DeepUME: Learning the Universal Manifold Embedding for Robust Point Cloud Registration
This addresses a practical problem in computer vision for aligning noisy, sparse point clouds, with incremental improvements over existing methods.
The paper tackles robust point cloud registration for sparsely and differently sampled observations with noise by combining a closed-form Universal Manifold Embedding method with a deep neural network into an unsupervised end-to-end framework, showing that it outperforms state-of-the-art methods in various scenarios and generalizes well to unseen datasets.
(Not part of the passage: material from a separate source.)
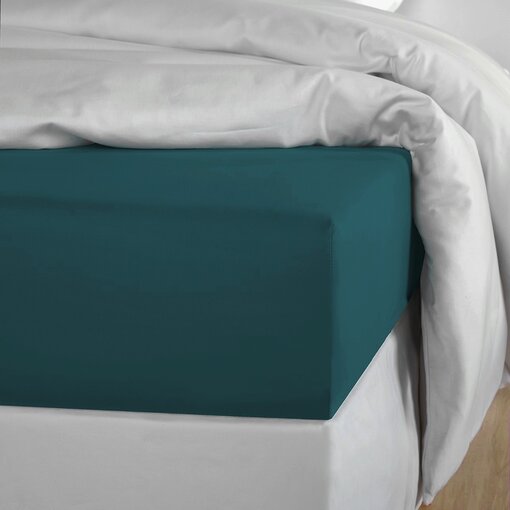 De Witte Lietaer hoeslaken Olivia lake green (uni) 200TC, vanaf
Registration of point clouds related by rigid transformations is one of the fundamental problems in computer vision. However, a solution to the practical scenario of aligning sparsely and differently sampled observations in the presence of noise is still lacking. We approach registration in this scenario with a fusion of the closed-form Universal Mani-fold Embedding (UME) method and a deep neural network. The two are combined into a single unified framework, named DeepUME, trained end-to-end and in an unsupervised manner. To successfully provide a global solution in the presence of large transformations, we employ an SO(3)-invariant coordinate system to learn both a joint-resampling strategy of the point clouds and SO(3)-invariant features. These features are then utilized by the geometric UME method for transformation estimation. The parameters of DeepUME are optimized using a metric designed to overcome an ambiguity problem emerging in the registration of symmetric shapes, when noisy scenarios are considered. We show that our hybrid method outperforms state-of-the-art registration methods in various scenarios, and generalizes well to unseen data sets. Our code is publicly available.